Actualités of Monday, 9 June 2014

Source: Cameroon Tribune

UPC Unitary Congress - New Secretary General, President Elected

Professor Louka Basile elected Secretary General while Onana Victor is the new President of the Steering Committee.

The long awaited unitary congress of the Union des populations du Cameroun, UPC finally took place at the Complexe de la Capitale in Yaounde on June 7, 2014 with the election of Professor Louka Basile as the new Secretary General and Onana Victor as the new President of the Steering Committee. According to the Press Officer of the UPC, Mbon Samuel, the President- elect of the Steering Committee will have to convene a bureau meeting during which modalities will be discussed and other positions in the bureau filled.
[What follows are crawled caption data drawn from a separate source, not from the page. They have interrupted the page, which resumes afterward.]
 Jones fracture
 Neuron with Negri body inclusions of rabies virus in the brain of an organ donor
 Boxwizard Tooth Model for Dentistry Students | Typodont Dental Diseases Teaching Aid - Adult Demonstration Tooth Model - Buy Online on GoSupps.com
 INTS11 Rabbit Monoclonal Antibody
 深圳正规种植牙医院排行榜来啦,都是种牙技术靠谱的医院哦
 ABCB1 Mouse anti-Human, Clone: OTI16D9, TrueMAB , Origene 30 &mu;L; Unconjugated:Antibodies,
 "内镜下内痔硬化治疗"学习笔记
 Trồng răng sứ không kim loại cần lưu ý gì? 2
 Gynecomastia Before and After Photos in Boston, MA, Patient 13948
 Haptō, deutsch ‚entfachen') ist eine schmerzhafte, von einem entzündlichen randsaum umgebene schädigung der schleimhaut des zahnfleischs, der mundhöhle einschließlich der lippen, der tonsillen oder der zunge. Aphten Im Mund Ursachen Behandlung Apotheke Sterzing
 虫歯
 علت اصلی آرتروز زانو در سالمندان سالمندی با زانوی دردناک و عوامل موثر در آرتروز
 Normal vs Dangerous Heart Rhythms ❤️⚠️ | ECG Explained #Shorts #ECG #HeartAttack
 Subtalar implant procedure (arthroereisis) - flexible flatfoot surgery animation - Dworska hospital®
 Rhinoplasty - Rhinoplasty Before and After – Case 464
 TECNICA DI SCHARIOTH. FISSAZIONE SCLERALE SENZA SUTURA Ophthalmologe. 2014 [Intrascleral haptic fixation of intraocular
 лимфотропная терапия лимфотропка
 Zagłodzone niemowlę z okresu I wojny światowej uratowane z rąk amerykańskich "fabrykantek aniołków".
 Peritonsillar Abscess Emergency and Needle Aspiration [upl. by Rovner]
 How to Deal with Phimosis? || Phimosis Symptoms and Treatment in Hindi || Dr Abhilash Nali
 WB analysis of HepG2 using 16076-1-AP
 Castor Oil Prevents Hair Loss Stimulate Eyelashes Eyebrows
The sixth ordinary and exceptional congress was co-chaired by Reverend Pastors Simon Bolivar Njami and Samuel Bikoi. The Yaounde congress was the logical outcome of the consultation meeting of June 3, 2014 between the Minister of Territorial Administration and Decentralisation, Réne Emmanuel Sadi and four members of the Provisional Committee of the UPC that included Pierre Sende, François Zogning, Bernard Wandji and Basile Louka.

The path to the election of the unitary executive bureau of the UPC was rough as there were 12 candidates for the post of Secretary General and 10 candidates for the post of President of the Steering Committee who were all voted through a uninominal system. The real hurdle and impasse in the election process was to have an electoral college as the over 3,000 delegates for the congress were ready to vote. Through the ingenuity of the co-chairpersons of the congress, five delegates from each of the 72 sections of the party finally formed the electoral college of 352 voters. The whole process was also characterized by disgruntlement with attacks and counter- attacks of hiring voters heard here and there.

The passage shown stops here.